Captain's Log

Log

Planer Fishing for Kingfish

Published August 28th, 2018

Kingfish at a Glance


Kingfish are always a welcomed gamefish while fishing in tropical waters. They fight hard and are great to eat. Kings are present in South Florida year round with bigger fish around during the cooler months. We catch kings every month of the year using a variety of techniques. You can find more information on kingfish here: Kingfish Species Information

When you look at the anatomy of a kingfish you will notice distinct characteristics that are evident for all fish in the mackerel family. With long slender bodies, these fish are designed for bursts of speed. King mackerel lack the stamina of tuna and billfish but they are excellent hunters. They have razor sharp teeth and "slash" baits while they are hunting. This approach usually cuts their prey in half, killing it instantly. If baits are near the surface kings will sometimes "air out" on the bite. I have seen kings jump as high as 15 feet out of the water on kite baits. They sometimes circle back around and strike the bait multiple times until they have a direct hit. Kings frequently miss the bait on their first try but they will almost always come back for more. They strike fast but after cutting the bait kings often circle back around and eat the chunks. After striking a bait at 20 miles per hour I have watched them swim up to the remnants and sit motionless before finishing their meal. They are known for aggressive strikes but they can also be careful, nimble hunters.

When you look at the color patterns of kingfish they are mostly grey and silver. Their backs can look dark grey from above which helps them blend into dirtier water. Kingfish are a great game fish because of their abundance in a variety of conditions. Unlike sailfish for that prefer dark blue water and strong current, kingfish are happy to swim around in lighter current and dirtier water. Some of our best days of king fishing have been in powder or even green water. Sometimes it doesn't seem to matter if the current is moving north or south. These are resilient fish that will prowl the reefs regardless of the conditions. 

 

When and Where to Catch Kingfish


When narrowing down where to fish for kings, we prefer water in 80-180 feet. I have caught kings in water as deep as 350 feet but it is rare that they venture out far from the reef. Kings tend to congregate in areas with an abundance of bait and structure. Sewage treatment outputs, shipwrecks, reefs, and drop offs are all great places to focus your efforts. Live baiting for kingfish is highly effective, especially for big fish. The downside however is that you don't cover as much ground and sometimes you'll get fewer bites if the fish are spread out.

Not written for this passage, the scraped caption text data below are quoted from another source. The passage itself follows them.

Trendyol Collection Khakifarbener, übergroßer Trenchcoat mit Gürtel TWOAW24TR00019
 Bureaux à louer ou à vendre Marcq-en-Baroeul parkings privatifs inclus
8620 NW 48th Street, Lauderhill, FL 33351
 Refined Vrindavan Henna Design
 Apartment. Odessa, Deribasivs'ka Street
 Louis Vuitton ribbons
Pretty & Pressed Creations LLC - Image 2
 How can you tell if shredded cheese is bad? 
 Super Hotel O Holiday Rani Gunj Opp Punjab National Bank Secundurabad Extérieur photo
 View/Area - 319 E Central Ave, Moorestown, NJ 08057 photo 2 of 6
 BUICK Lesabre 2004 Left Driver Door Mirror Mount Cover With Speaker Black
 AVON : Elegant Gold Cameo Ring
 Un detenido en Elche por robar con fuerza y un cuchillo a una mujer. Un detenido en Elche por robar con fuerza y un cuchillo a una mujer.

Because of their sharp teeth, it is common practice to use stainless steel wire or titanium leaders while targeting kings. Since kings are known to be sloppy eaters, most rigs consist of more than one hook. "Stinger hooks" and double hook rigs for strips or ballyhoo help increase the hookup ration on kingfish. Instead of relying on drop backs and multiple strikes, more than one hook can help you hook kings on the first bite.

Our favorite technique for targeting kingfish is usually planer fishing. Kings feed near the surface during low light conditions (early morning and afternoon) as well as days that are overcast. Otherwise, kings usually swim in the middle of the water column. When the surface bite shuts off, most of your bites will be on the mid bait and bottom rod when live baiting. When planer fishing, the bait stays in the strike zone during all hours of the day. You can also cover a lot more water looking for schools of fish. 

Trolling for Kingfish

Planer fishing can be deadly for kings and is actually the method of choice for many commercial fishermen. Before reading on, make sure you familiarize yourself with planer fishing by taking a look at our Planer Fishing Basics article. When targeting kingfish, we always troll a little bit slower than usual. For many species, 6-8 knots is fine. For kings, 3-5 knots seems to be the sweet spot. When we are live baiting for kings we use wire but while planer fishing we actually leave our faith in monofilament leaders. Kingfish are notorious for "short strikes" where they cut the bait in half or bite off the tail section. By incorporating long shank hooks, we catch most of our kings on monofilament leaders without getting cut off. Below are a few of the essentials for a standard planer spread.

While trolling for kings we use 80lb monofilament leaders and put a ball bearing swivel to prevent line twist. As baits, drone spoons can be deadly. We usually match the spoon to the water color. In addition to spoons, single or double hook rigs with strips of bonito work very well. We usually drape a sea-witch or king buster over the top of the strip. This helps it swim naturally without washing out. Wind your rigs onto yo-yos at the end of the day. Always put the hook or lure on the yoyo first and wind the rig on tight. If you want to re-rig fresh leaders for every trip, I recommend loading up on Bullbuster Fishing Line.

When planer fishing we like to work structure and always pay attention to the sonar. You can usually see schools of bait and even make out kings on the sonar if you have a 1kw transducer or better.  If you see fish or get a bite, circle the area. I have caught over 10 kingfish in a small area more times than I can count.  Be thorough if you see bait or are getting bites. If you aren’t getting bites, move on. Try to find concentrations of fish and you’ll be rewarded.